Wiki Pages > Researching > Applied Theory > Principles of Activity Theory
The Activity Theory Model involves five main principles:
  • Hierarchical Structure of Activity: The unit of analysis is an activity directed at an object, which motivates activity, giving it a specific direction. Activities are composed of goal-directed actions that are undertaken to fulfill the object. Actions are implemented through automatic operations, which do not have their own goals; rather, they provide an adjustment of actions to current situations. Activity Theory holds that the constituents of activity are not fixed, but can dynamically change as conditions change.
  • Object-Orientedness: Human beings live in a reality that is objective in a broad sense. The things that constitute this reality have not only the properties that are considered objective according to natural sciences but socially/culturally defined properties as well.
  • Internalization and Externalization: Activity Theory differentiates between internal and external activities. It emphasizes that internal activities cannot be understood if they are analyzed separately from external activities, because they transform into each other. Internalization is the transformation of external activities into internal ones. Internalization provides a means for people to try potential interactions with reality without performing actual manipulation with real objects (mental simulations, imaginings, considering alternative plans, etc.).
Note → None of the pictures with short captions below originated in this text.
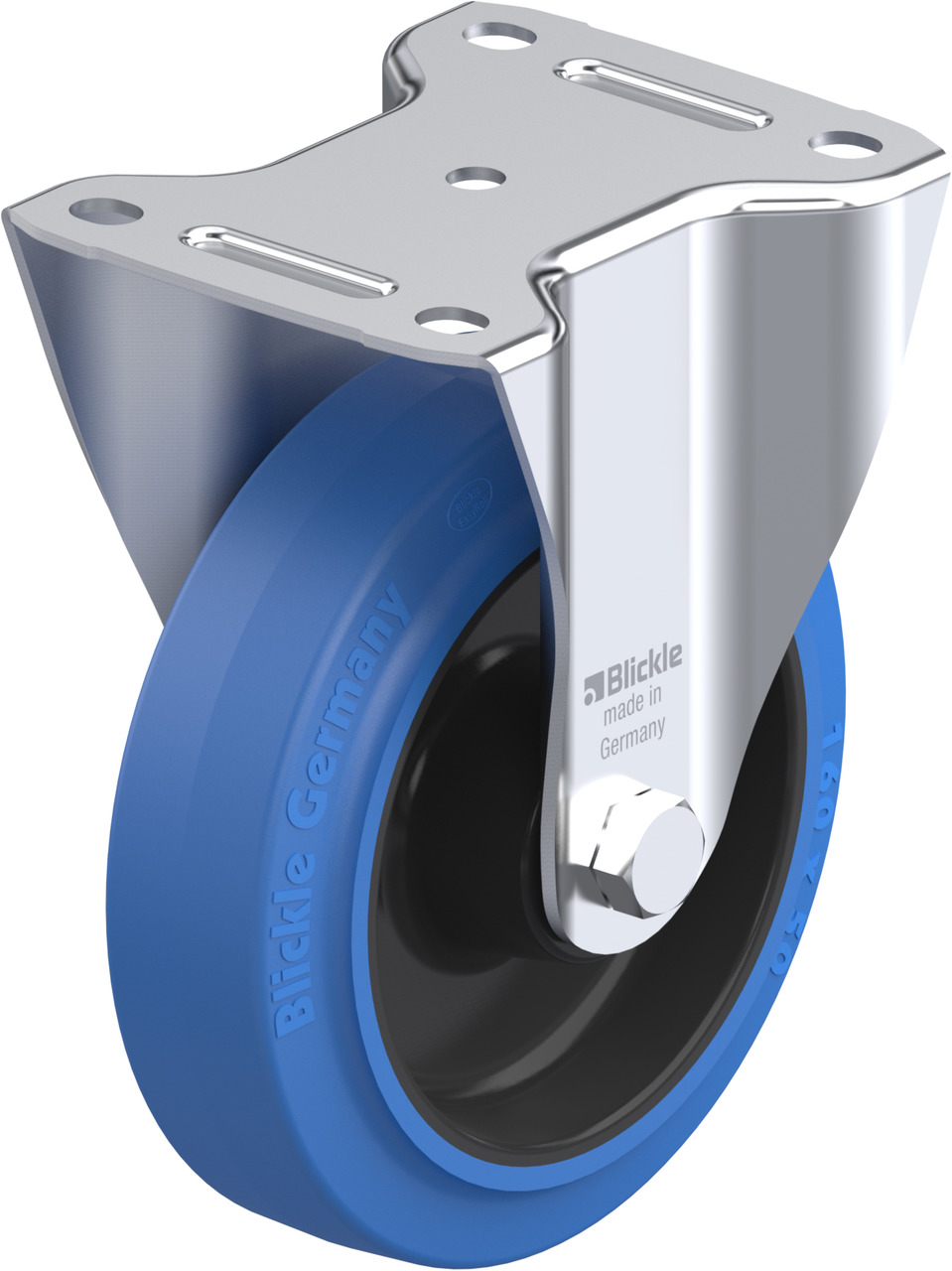 B-POEV 160XR-SB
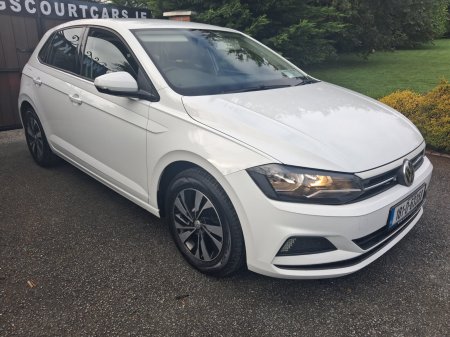 2018 Volkswagen Polo - photo 15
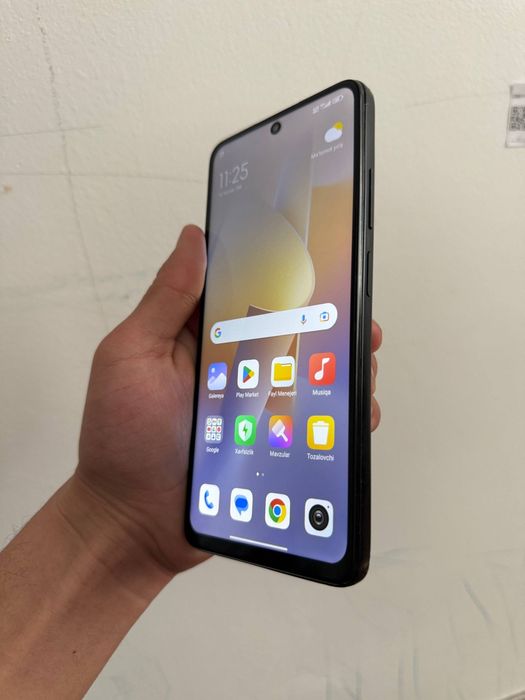 Redmi note 11 pro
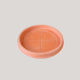 Round saucer 30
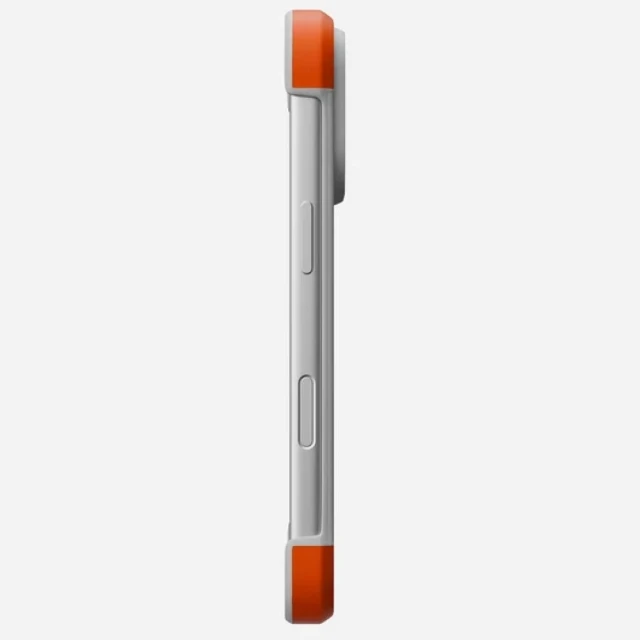 Чохол Moft Color-blocking Snap для iPhone 18 Pro | 17 Pro Misty Cove-Sunrise (6975820908659)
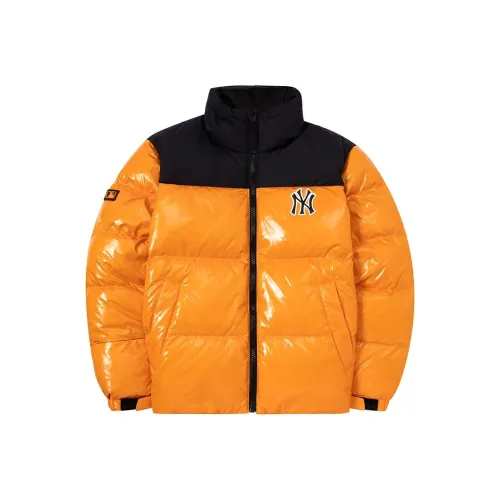 MLB New York Yankees Down Jacket Unisex
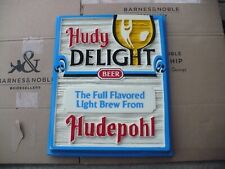 Hudy delight beer for sale  Cincinnati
Externalization transforms internal activities into external ones. Externalization is often necessary when an internalized action needs to be "repaired," or scaled. It is also important when collaboration between several people requires their activities to be performed externally in order to be coordinated.
  • Tool Mediation: In a broad sense, Activity Theory emphasizes that human activity is mediated by tools. Tools are created and transformed during the development of the activity itself and carried with them in a particular culture - historical remains from their development. So, the use of tools is an accumulation and transmission of social knowledge. Tool use influences the nature of external behavior and also the mental functioning of individuals.
  • Development: Activity Theory is a general research methodology. The basic research method in Activity Theory is not traditional laboratory experiments, but the formative experiment that combines active participation with monitoring of the developmental changes of the study participants. Ethnographic methods that track the history and development of a practice have also become important in recent work.